Triangulation in computer vision refers to determining the 3D position of a point given its projections on two or more images with known camera poses. The PDF you referenced describes a method to solve the triangulation problem using the **Direct Linear Transformation (DLT)** method. Here's an explanation and the equations involved.

### **Key Idea**
Given two or more camera views, the triangulated 3D point $\mathbf{X} = [X, Y, Z, 1]^T $ must satisfy the projection equations for all the cameras. Each camera has a projection matrix $\mathbf{P} $, and the 3D point maps to a 2D image point $\mathbf{x} = [x, y, 1]^T $. The relationship is:

$
\mathbf{x} \sim \mathbf{P} \mathbf{X}
$

where $\sim $ means equality up to a scale factor.

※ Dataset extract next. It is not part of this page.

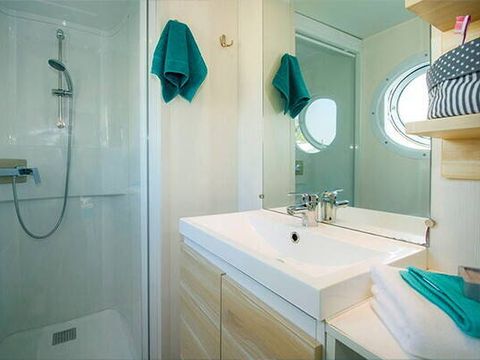 Mobilhome 6 personnes - Confort | 2 Chambres | 4/6 Couchages | Petite Terrasse | 1 Salle de bain | Climatisation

For a single camera, this expands to:
$
s \begin{bmatrix} x \\ y \\ 1 \end{bmatrix} = \mathbf{P} \begin{bmatrix} X \\ Y \\ Z \\ 1 \end{bmatrix}
$

However, we solve for $\mathbf{X} $ using at least two views to make the problem well-posed.

---

### **Projection Matrix and Equations**
For two views, we have projection matrices $\mathbf{P}_1 $ and $\mathbf{P}_2 $, and corresponding image points $\mathbf{x}_1 = [x_1, y_1, 1]^T $ and $\mathbf{x}_2 = [x_2, y_2, 1]^T $.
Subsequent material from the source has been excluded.